顾随同样将目光投向情思关系问题,他将诗的成分划分为三种,情和思就占了其中两种。他说:“情感加思想等于作风,而作者精神从作风中表现出来。” ! 4作者精神是文章的灵魂和核心,而“情”“思” 被看作是作者精神的承载物和内化物。同时顾随对胡适的思想做了进一步的阐发,提出了情思的最理想状态是两者的相辅相成:“以感情推动作,以理智监视感情。” ! 5
首先是情和思的相互促进作用。他在评《离骚》时就指出,好的思想能促成情感的高尚,情感的热烈促成思想的明快。其二是情思结合,但更偏重强调情的作用,情是文章的核心,思想是文学的要素之一。“诗中可以说理,但必须使哲理、诗情打成一片”! 6。其三是强调情感要中和,要有所节制。他说:“常人每以為坏诗是情感不热烈,实则有许多诗人因情感热烈把诗的美破坏了。” ! 7顾随认为表达感情要适度,感情太过只会适得其反,这可能是受儒家中庸思想的影响。确实如此,过度的情感表达反而会给观赏者带来剑拔弩张的压迫感,世间存在之物皆有法度和节制,和谐才是至美之境。
五、诗的艺术
陈独秀言中国文艺急需由古典主义理想主义走向写实。胡适对此说颇为赞同,强调“诗贵有真”和文学的工具性,主张写诗要写现实生活中的真实,不失真便是一种“工夫”,文章贵在保持美感的同时兼有济世之用,并指出杜甫的《石龛诗》和韩愈的《南山集》都是失真的例子,认为“文学的生命全靠用一个时代的活的工具来表现一个时代的情感与思想” ! 8。而作为传播思想文化的工具,白话显然比文言更好用,这样就与胡适倡白话废文言的主张对应起来了。他十分认同白居易文以济世的思想,还曾从北京歌谣中为“民族的诗”汲取营养,主张把文学的题材扩大到“贫民社会”。但是同时,胡适又赞成诗中多绮语,他的爱情诗《临江仙》就是很好的一例,这样胡适的思想就显得有些幼稚和有前后矛盾之嫌。
其实顾随也主张“正常的诗人”应该叼住生活不放”“吾人乃为人生而艺术”。 ! 9确实,文学一旦从生活上剥离,就不可避免地给读者带来一种疏离感。因此诗心要诚,而“无伪” 就是诚之二义之一。但是同时,顾随又主张艺术要超越现实以实现自身的美。他说:“诗人应有美的幻想”“其所写真相绝非机械的、呆板的科学描写”“文学作品不能只字句内有东西,须字句外有东西” 。@ 0这样就对文学提出了更高的要求。

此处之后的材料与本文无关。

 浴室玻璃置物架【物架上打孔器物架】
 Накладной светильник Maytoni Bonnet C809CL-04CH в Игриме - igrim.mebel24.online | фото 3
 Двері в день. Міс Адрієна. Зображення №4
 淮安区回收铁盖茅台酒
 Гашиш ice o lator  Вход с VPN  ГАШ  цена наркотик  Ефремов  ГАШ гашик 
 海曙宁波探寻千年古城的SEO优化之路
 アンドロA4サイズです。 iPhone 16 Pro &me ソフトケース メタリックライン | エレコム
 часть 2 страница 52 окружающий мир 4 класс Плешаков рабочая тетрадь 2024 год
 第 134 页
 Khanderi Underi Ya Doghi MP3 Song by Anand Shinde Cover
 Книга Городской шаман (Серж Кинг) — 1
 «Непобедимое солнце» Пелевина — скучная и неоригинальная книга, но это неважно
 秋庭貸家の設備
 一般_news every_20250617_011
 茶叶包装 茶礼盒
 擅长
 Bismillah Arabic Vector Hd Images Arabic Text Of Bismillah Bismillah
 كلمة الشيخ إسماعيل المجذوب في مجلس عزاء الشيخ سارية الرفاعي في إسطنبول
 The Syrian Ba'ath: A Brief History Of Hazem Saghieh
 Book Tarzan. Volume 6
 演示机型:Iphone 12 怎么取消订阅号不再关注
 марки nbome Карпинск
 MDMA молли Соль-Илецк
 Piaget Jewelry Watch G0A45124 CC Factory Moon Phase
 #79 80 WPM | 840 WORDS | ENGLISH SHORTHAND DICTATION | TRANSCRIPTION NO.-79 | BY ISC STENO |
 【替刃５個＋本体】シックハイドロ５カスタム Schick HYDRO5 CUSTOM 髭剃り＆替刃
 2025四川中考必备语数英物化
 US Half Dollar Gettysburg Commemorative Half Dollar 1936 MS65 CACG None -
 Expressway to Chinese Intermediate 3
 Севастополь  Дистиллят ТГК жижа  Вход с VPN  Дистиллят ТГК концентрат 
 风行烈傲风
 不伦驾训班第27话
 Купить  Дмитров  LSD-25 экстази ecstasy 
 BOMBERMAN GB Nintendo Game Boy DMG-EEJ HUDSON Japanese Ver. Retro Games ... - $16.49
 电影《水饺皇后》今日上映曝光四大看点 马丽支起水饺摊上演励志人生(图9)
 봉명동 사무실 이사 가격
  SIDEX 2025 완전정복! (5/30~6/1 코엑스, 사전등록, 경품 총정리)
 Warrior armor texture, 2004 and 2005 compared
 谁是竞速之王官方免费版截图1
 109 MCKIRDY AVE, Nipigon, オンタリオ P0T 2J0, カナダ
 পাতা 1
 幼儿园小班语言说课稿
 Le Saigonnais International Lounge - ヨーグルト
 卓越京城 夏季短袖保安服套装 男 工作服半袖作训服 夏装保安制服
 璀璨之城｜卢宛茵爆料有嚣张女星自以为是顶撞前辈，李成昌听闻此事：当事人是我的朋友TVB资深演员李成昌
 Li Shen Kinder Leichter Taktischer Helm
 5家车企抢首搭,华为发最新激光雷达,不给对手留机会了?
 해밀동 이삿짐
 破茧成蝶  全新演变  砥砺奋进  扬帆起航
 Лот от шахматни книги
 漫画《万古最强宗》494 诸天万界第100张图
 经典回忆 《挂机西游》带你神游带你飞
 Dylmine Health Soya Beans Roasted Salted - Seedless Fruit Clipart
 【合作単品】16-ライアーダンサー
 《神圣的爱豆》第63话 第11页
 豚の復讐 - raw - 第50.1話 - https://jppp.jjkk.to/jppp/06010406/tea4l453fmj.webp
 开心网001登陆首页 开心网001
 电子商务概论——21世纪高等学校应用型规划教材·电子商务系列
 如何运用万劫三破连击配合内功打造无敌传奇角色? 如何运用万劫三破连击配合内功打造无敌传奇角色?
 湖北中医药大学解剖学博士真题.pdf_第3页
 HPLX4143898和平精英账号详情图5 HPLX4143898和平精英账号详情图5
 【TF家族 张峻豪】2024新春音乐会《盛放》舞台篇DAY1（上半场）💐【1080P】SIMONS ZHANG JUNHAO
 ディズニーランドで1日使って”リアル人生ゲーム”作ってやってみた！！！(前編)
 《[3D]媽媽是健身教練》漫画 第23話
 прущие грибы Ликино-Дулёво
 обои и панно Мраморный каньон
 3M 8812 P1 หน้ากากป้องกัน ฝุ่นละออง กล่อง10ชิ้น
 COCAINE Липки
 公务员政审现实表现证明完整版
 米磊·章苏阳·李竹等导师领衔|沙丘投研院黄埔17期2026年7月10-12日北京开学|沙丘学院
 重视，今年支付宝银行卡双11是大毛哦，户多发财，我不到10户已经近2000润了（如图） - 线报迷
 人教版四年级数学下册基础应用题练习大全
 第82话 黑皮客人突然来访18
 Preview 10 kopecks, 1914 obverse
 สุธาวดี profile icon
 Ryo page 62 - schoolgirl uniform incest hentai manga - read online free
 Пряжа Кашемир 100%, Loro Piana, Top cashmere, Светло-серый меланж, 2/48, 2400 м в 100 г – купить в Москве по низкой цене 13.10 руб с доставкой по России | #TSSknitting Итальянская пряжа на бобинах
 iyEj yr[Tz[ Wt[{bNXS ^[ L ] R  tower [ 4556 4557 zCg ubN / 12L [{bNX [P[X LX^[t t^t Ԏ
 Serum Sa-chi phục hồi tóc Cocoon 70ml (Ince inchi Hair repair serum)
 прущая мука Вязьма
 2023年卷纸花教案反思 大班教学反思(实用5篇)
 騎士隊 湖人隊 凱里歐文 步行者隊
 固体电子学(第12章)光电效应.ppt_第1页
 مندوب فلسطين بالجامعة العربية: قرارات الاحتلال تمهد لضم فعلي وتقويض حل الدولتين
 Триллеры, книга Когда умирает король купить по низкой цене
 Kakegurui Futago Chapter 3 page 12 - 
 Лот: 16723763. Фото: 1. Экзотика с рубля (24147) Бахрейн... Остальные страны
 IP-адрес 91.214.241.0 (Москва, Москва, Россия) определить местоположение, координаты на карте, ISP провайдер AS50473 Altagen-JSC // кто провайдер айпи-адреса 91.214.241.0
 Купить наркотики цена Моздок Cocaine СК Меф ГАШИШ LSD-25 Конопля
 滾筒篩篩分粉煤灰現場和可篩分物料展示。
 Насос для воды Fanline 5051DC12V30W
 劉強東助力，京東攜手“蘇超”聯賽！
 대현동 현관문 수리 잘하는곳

胡适主张“须言之有物”@ 1,并且指出自己所说的“物”今非昔比,并非指古人心中以天下为己任的政治理想,而是指文章的“情感”和“思想”。顾随则认为文学作品中,“言中之物”和“物外之言”不能偏废,缺一不可。并且他认为言中之物是“鱼”,很容易做到的,但是能否写出“真”来就很难保证;物外之言本身就很难,是“熊掌”。鱼与熊掌不可得兼时,就要先取熊掌。可见,胡适先生抛却物的表象,参透了文中之物的实质和根本,而顾随先生则更进一层,将言中之物上升到物外之言,追求隐藏于笔墨之下的言外之意。
六、汉字形音
胡适认为中国古文字是只能达意而不能传声的象形会意文字,与西方字母文字只能传声、难以达意相反。到如今已逐渐僵化,没有了古文字能象形、会意、指事的优势,导致其处于一种既不能传声也不能达意的尴尬境地,这也就为胡适提倡简化汉字和以白话取代文言找到了缘由。但是顾随认为中国字“形”“声”两者兼而有之。就汉字之“形”问题,他说:“如‘乌字,一念便觉乌黑乌黑,一点儿也不鲜明,且字形亦似乌鸦。若西洋之‘raven,则就字形看,无论如何看不出像乌鸦。”而后说:“西洋字是只有音而无形,不要以为中国文字只是形象而无声响。” @ 2于是举“冉冉”“奄奄”的例子说明汉字是有声的。顾先生还认为中国字概念单纯、音节短促,而外国字概念复杂、音节悠扬。但相同的是胡、顾两人都认识到了中国古文字的“死”,即存在表达思想和描景状物方面的缺憾。
七、小结
20世纪初的中国,民族危难重重,政治经济改革的屡屡碰壁使得中国人开始重新审视自身,也激发了一批仁人志士投身文化改革的决心,胡适即是其中之一。西方思想的传入、晚清白话文运动的开展、五四新潮的如火如荼都给予他以新的启迪。胡适四岁就读私塾接受传统教育,九岁即转入新式学堂,接触了严复翻译的《天演论》,深受触动。幼时的启蒙教育使他对传统教育有了一定的了解,通过与新式教育的对比使他发现了传统教育的弊端,而《天演论》中的进化论思想则启发了他必须革新一国之文学的观念。十九岁留学美国,求教于约翰·杜威,其自由主义和实验主义思想理论如滔滔江水,荡涤着他的心灵。自由主义使得他不拘于文的形式和传统的音韵格律,主张白话、自由、自然;实验主义则使得他注重文学的工具性和现实功用,同时大胆尝试创作《尝试集》。胡适的部分思想比如汉字拼音化、格律音韵改革不免存在矫枉过正、漠视传统文化的嫌疑。但是结合五四大潮的推动和严峻时代形势裹挟的社会现实,胡适作为一个热血青年,观点存在偏颇也无可厚非。同时需要承认和肯定的是,胡适作为新文学运动的旗手和白话新诗的先驱的地位。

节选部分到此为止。